Welke maatregelen heeft de regering voor ogen om de relatief lage nalevingsbereidheid in verschillende landbouw- en visserij-relateerde sectoren (zoals visserij, mest, gewasbeschermingsgebruik) te adresseren?

Antwoord

Net als in andere sectoren, zijn er in de landbouw- en visserij-relateerde sectoren bedrijven die zich aan de regels houden, en bedrijven die dat niet doen. Ik werk er samen met onze uitvoeringsorganisaties en inspectiediensten aan om de naleving van regelgeving zo hoog mogelijk te hebben. Naast handhaving en het consequent toepassen van het interventiebeleid door de NVWA spreken de NVWA en ik ook met de stakeholders zoals sectorvertegenwoordiging, NGO's etc. over de inspectieresultaten van de NVWA.

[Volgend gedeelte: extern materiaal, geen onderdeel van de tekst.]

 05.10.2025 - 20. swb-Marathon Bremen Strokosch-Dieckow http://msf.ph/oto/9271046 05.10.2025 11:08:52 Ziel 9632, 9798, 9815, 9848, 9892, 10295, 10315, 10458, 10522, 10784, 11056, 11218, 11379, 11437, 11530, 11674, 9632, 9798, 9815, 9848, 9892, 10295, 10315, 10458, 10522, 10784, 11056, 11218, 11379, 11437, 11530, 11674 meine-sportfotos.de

Daarnaast gaan het gesprek aan over de eigen verantwoordelijkheid van de sector en daarmee welke verantwoordelijkheid en rol deze betrokken sectorpartijen hierin moeten pakken, om ervoor te zorgen dat zij en hun collega's in de sectoren de naleving verhogen.

Met de NVWA overleg ik ook over inspectieresultaten en de complexiteit van de regelgeving, met als doel toe te werken naar robuustere wetgeving die ook handhaafbaar, fraudebestendig en uitvoerbaar is (HUF-Proof). De complexiteit en de vele uitzonderingsmogelijkheden die de regelgeving vaak kenmerken dragen over het algemeen niet bij aan een hoge(re) mate van naleving. Alleen door een gezamenlijke inspanning van alle betrokken partijen kunnen de gewenste beleidsdoelen worden gerealiseerd. Tevens voeren vertegenwoordigers van LVVN en de NVWA gesprekken over EU-wetgeving en -beleid op het gebied van landbouw- en visserij-gerelateerde sectoren om de belangen van de sectoren in relatie tot vastgestelde EU-doelstellingen te plaatsen en de handhavingsdoelen daarop af te stemmen.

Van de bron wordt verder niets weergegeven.